When to use symbols instead of strings in Ruby?

2019-01-04 06:19发布

If there are at least two instances of the same string in my script, should I instead use a symbol?

标签: ruby symbols
5条回答
来,给爷笑一个
2楼-- · 2019-01-04 06:24

Put simply, a symbol is a name, composed of characters, but immutable. A string, on the contrary, is an ordered container for characters, whose contents are allowed to change.

查看更多
爷、活的狠高调
3楼-- · 2019-01-04 06:26

Here is a nice strings vs symbols benchmark I found at codecademy:

require 'benchmark'

string_AZ = Hash[("a".."z").to_a.zip((1..26).to_a)]
symbol_AZ = Hash[(:a..:z).to_a.zip((1..26).to_a)]

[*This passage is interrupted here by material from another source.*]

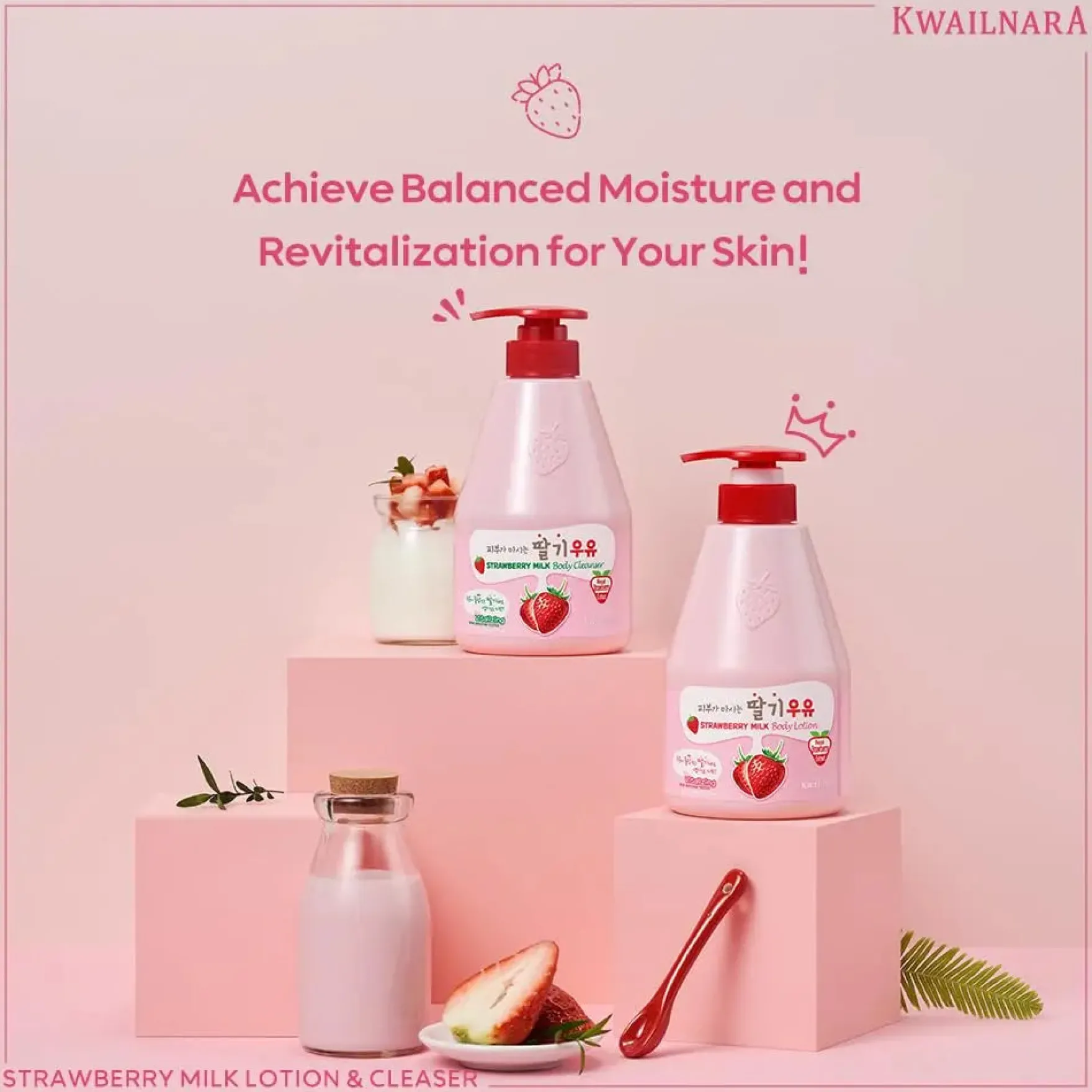 Milk Body Lotion Strawberry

string_time = Benchmark.realtime do
  1000_000.times { string_AZ["r"] }
end

symbol_time = Benchmark.realtime do
  1000_000.times { symbol_AZ[:r] }
end

puts "String time: #{string_time} seconds."
puts "Symbol time: #{symbol_time} seconds."

The output is:

String time: 0.21983 seconds.
Symbol time: 0.087873 seconds.
查看更多
兄弟一词,经得起流年.
4楼-- · 2019-01-04 06:31

TL;DR

A simple rule of thumb is to use symbols every time you need internal identifiers. For Ruby < 2.2 only use symbols when they aren't generated dynamically, to avoid memory leaks.

Full answer

The only reason not to use them for identifiers that are generated dynamically is because of memory concerns.

This question is very common because many programming languages don't have symbols, only strings, and thus strings are also used as identifiers in your code. You should be worrying about what symbols are meant to be, not only when you should use symbols. Symbols are meant to be identifiers. If you follow this philosophy, chances are that you will do things right.

There are several differences between the implementation of symbols and strings. The most important thing about symbols is that they are immutable. This means that they will never have their value changed. Because of this, symbols are instantiated faster than strings and some operations like comparing two symbols is also faster.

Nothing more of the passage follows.